Thursday, the Demopolis Higher Education Center hosted Dr. Freida Hill, the Chancellor of the state’s Community College System, and presented her with an opportunity to create her legacy.

The legacies of Dr. Hill’s predecessors are mixed and varied. She follows Roy Johnson, who brought rampant corruption and scandal to the post and ultimately wound up in jail. She immediately follows Bradley Byrne, who by most accounts cleaned up Johnson’s mess and followed that up with an unsuccessful run at the governor’s office.

Their legacies: The man who nearly ruined the two-year college system and the man who fixed it.

That brings us back to Dr. Hill. Community leadership implored upon her Thursday that we need a two-year college partner at the Demopolis Higher Education Center.

As always, money will dictate whether or not this happens and to what level and at what pace.

But it also appeared that Dr. Hill was not fully clear on the vision many share for the Demopolis Higher Education Center.

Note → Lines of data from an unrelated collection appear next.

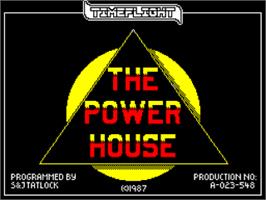 Title screen of Time Flight on the Sinclair ZX Spectrum.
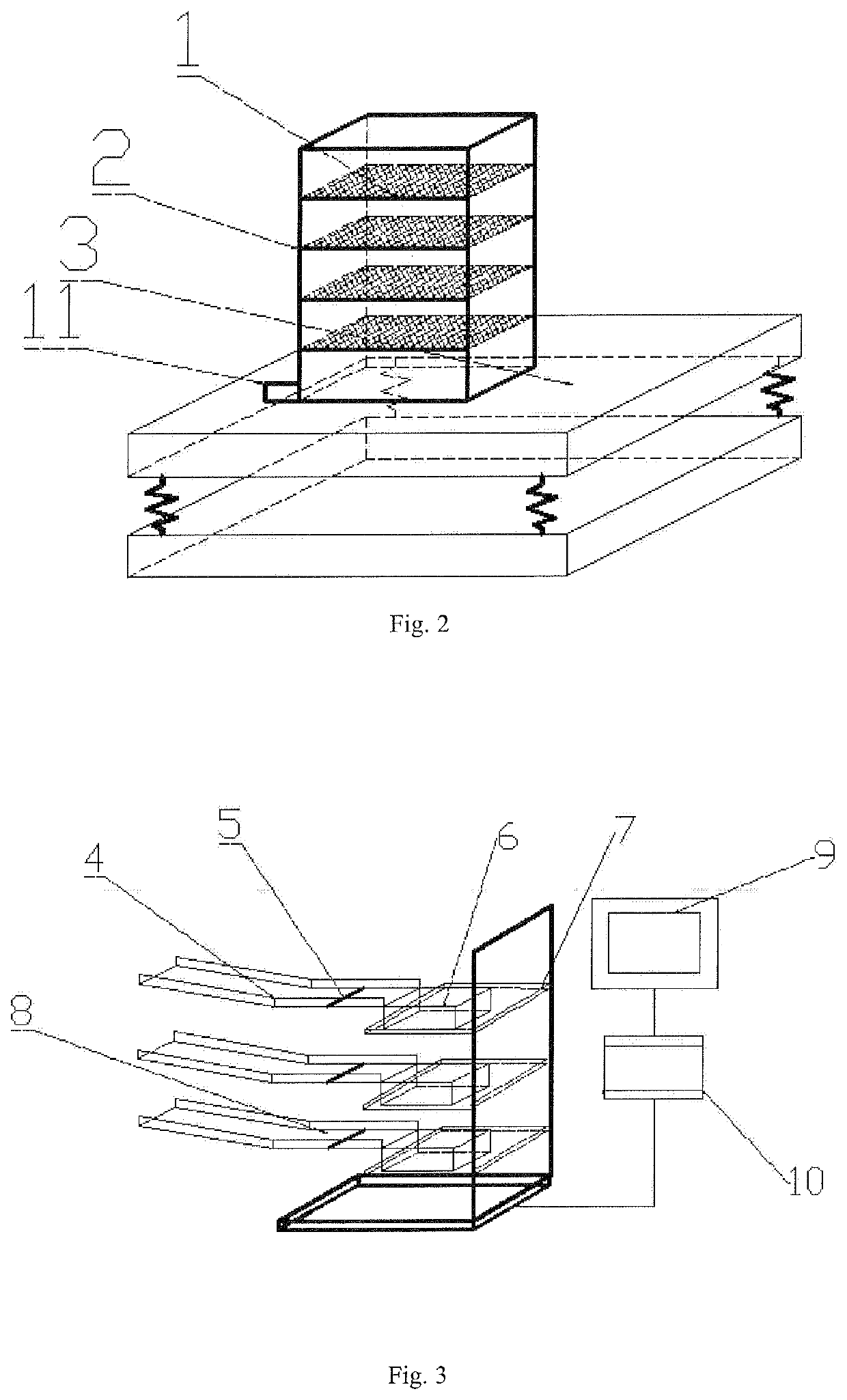 Testing system and method for measuring loss of particles in water inrush process in real time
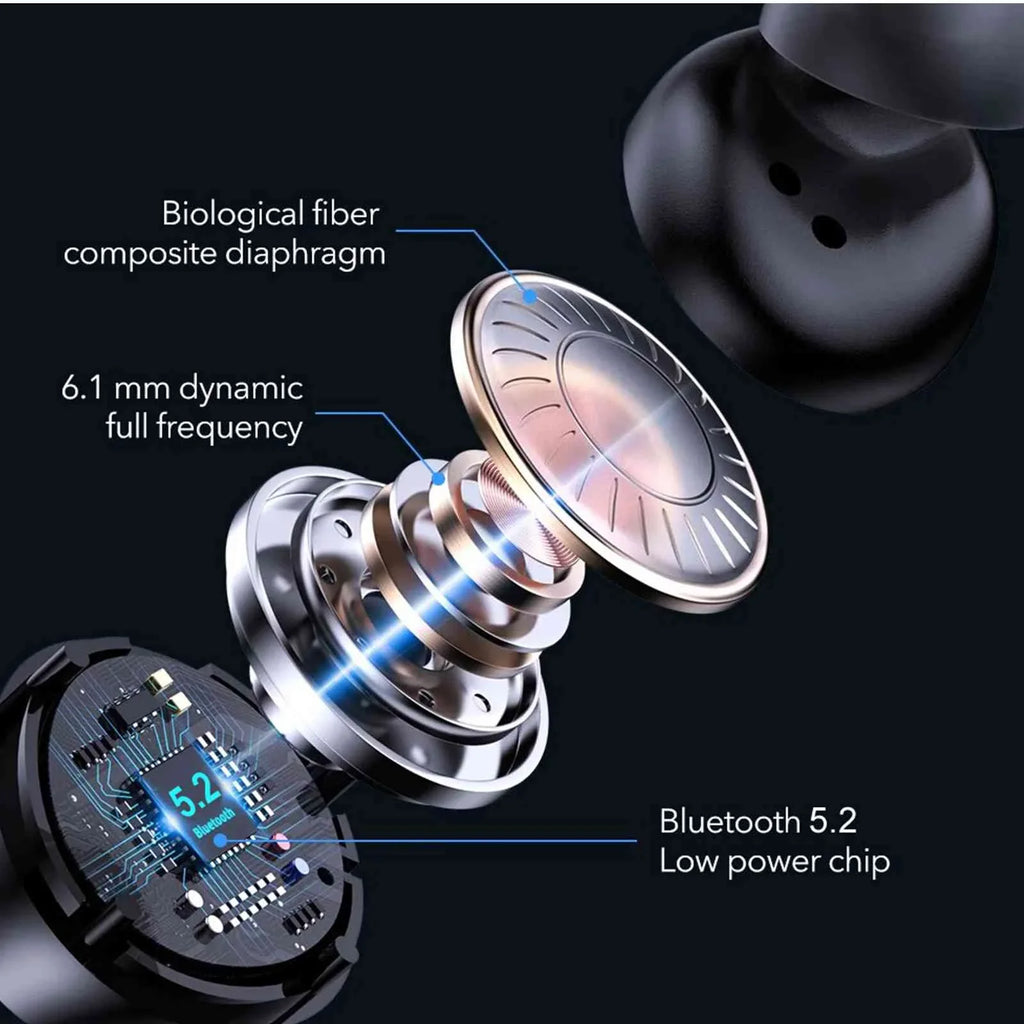 '+ Wireless Pro Black, 5.2 Charging Earbuds Case, with Compatible Balanced, Bluetooth Dual Connection, K12 Connect, Bass Resistance, Bluetooth Boost True UrbanX IPX5 liquid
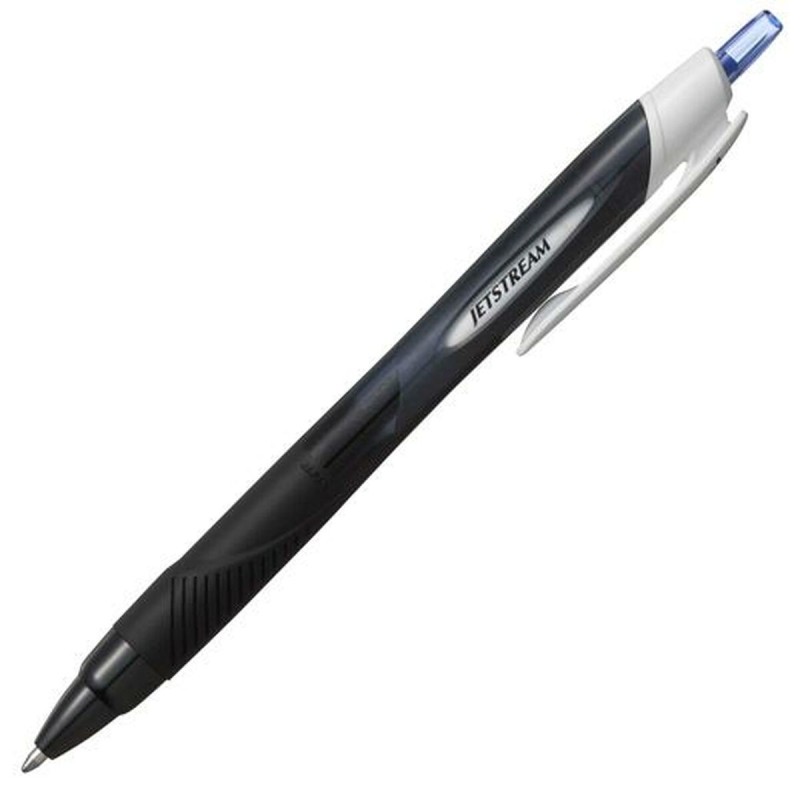 stylo à encre liquide Uni-Ball Bleu (10 Unités) (12 Unités)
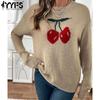 Women's Fashion Casual Fall Winter Long Sleeve O-Neck Sweaters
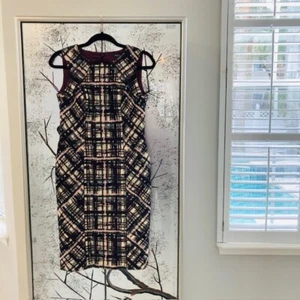 Brooks Brothers $498 Womens 4P Petite Made in Italy Plaid Print Sheath Dress - Picture 1 of 11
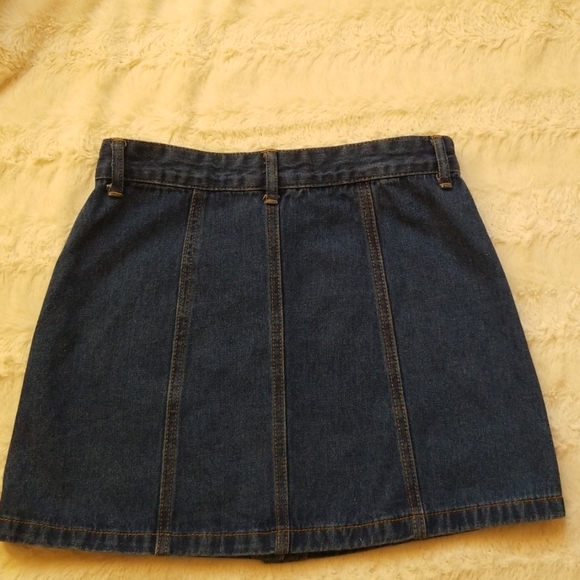F21 DENIM MINI/MIDI BUTTON UP SKIRT - Picture 3 of 3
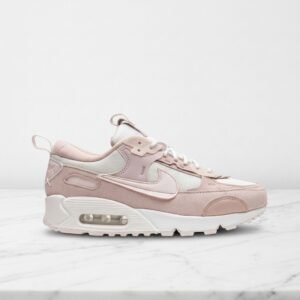 Buty Nike Air Max 90 Futura Barely Rose dla kobiet, wygodne sneakersy na co dzień, różowo-białe, poduszki powietrzne Max Air, DM9922-104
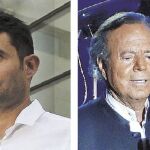 A la izda., Javier Sánchez-Santos, supuesto hijo de Julio Iglesias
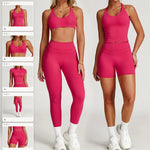 Yoga Set 2PCS Women Tracksuit Nude Feeling Workout Sets Gym Clothes Push Up Fitness Running Sportwear Sport Bra Leggings Suit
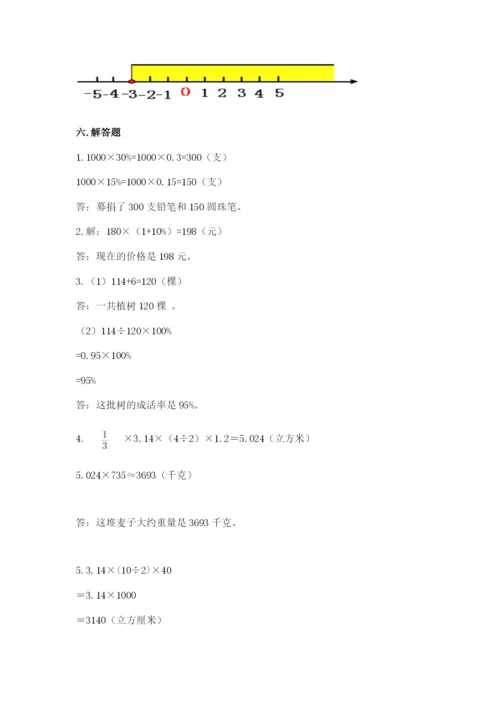 北道区六年级下册数学期末测试卷及一套答案.docx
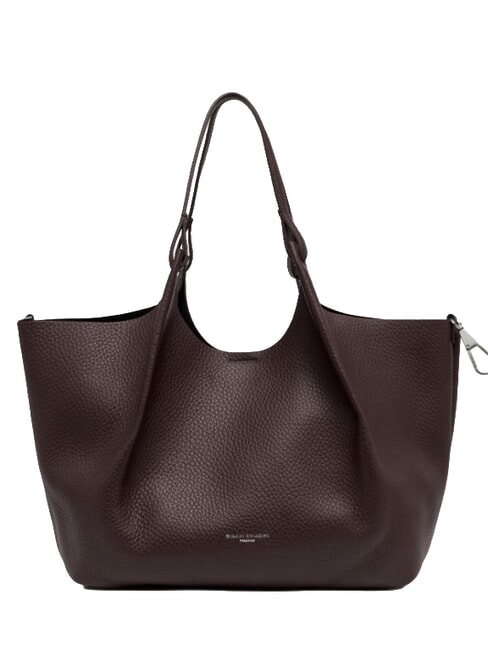 DUA Borsa a spalla grande in pelle espresso - Borse Donna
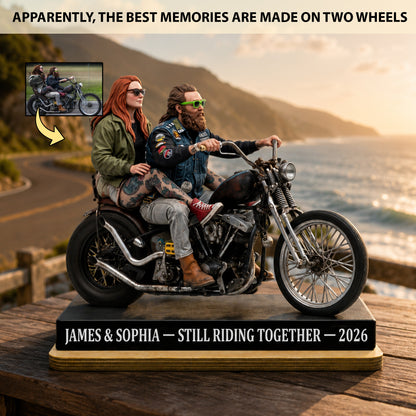 The Rider's Legacy – Personalized Motorcycle Wooden Plaque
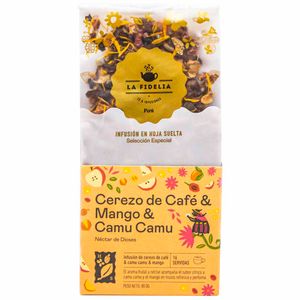 Infusión Cerezo de Café, Mango & Camu Camu LA FIDELIA Caja 80g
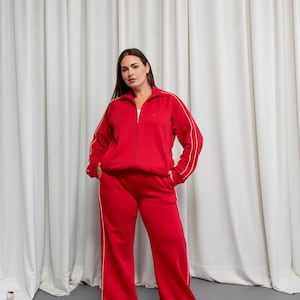 Costumes Plus size, Tracksuit for women Plus size, tracksuit, Women&#39;s suit,Comfy sport costume,Women’s sport suit,Cotton sport set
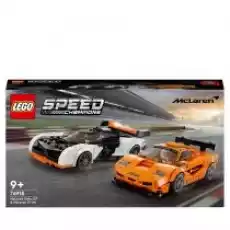 LEGO Speed Champions McLaren Solus GT i McLaren F1 LM 76918 Dla dziecka Zabawki Klocki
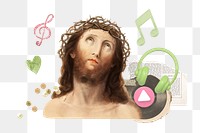 Christian png, church music remix, transparent background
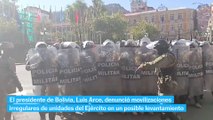 El presidente de Bolivia denuncia un golpe de Estado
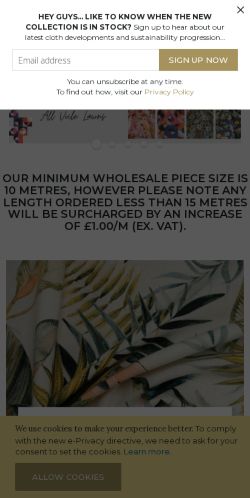 Mobile page screenshot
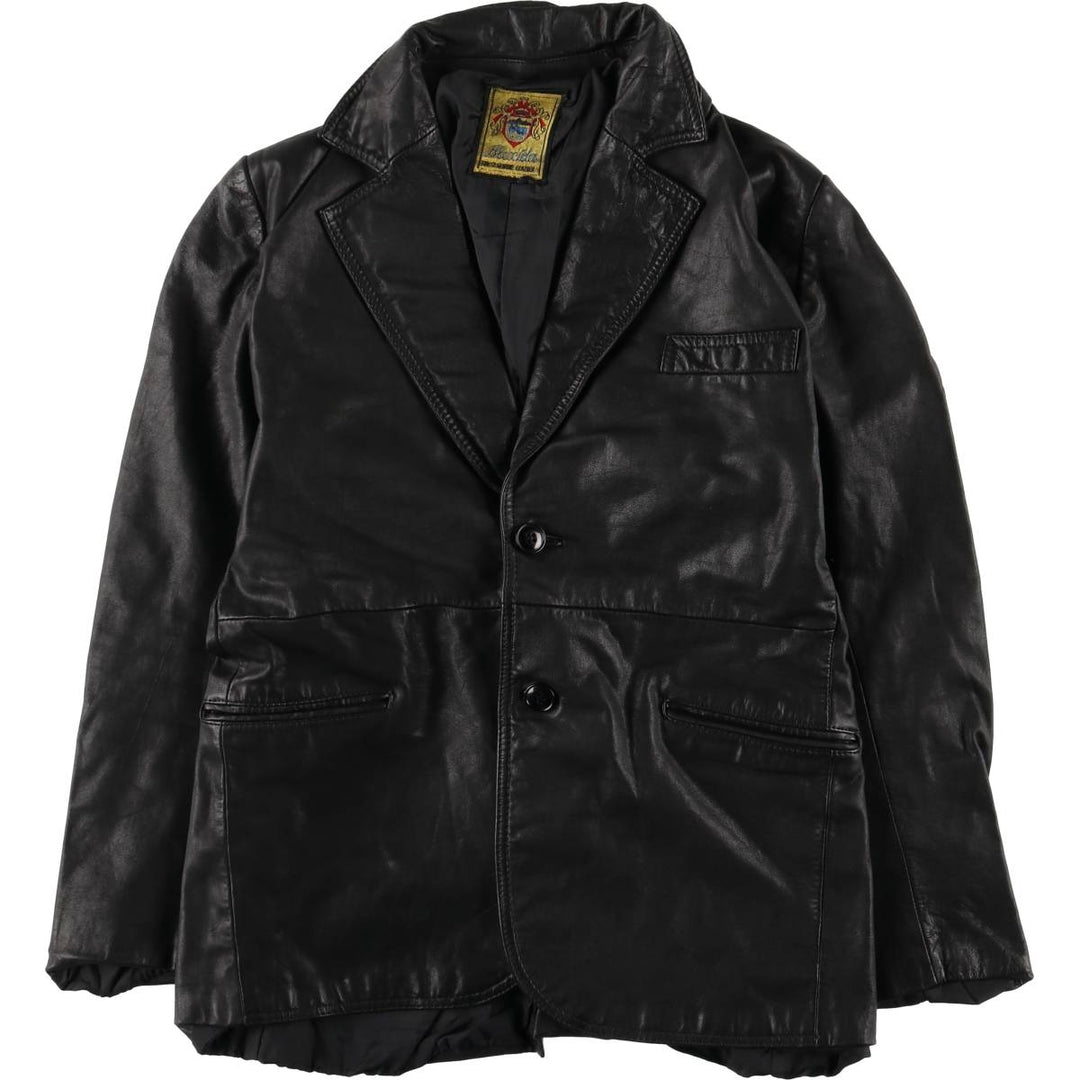 Alexida tailored jacket, women's size S genuine leather black type Vintage Second Hand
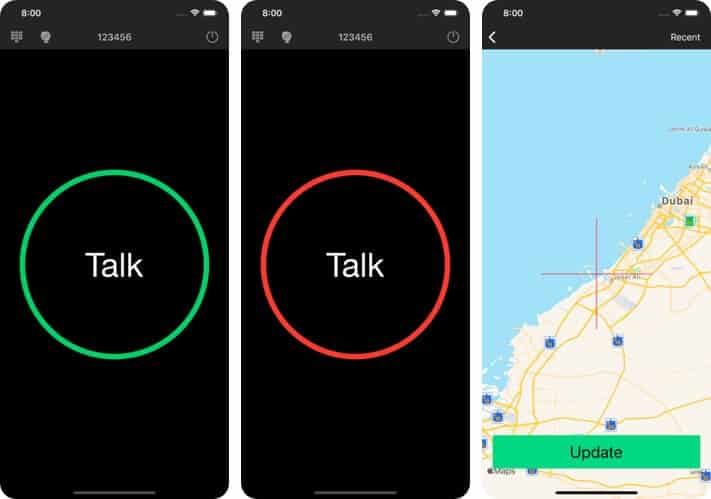 Two Way Walkie-Talkie iPhone App Screenshot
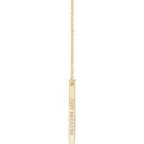 Engravable Bar Necklace or Pendant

“No one has really said what you want here,” she told the crowd. “No one has said what you really need.”

Dr. Hill, what we want is for our children to have the opportunity to learn skills and trades that will afford them opportunities to earn a good living for themselves and for their families.

What we want is to be able to teach our students how to weld, how to do bodywork, how to draw blood and many other skills we need here at home.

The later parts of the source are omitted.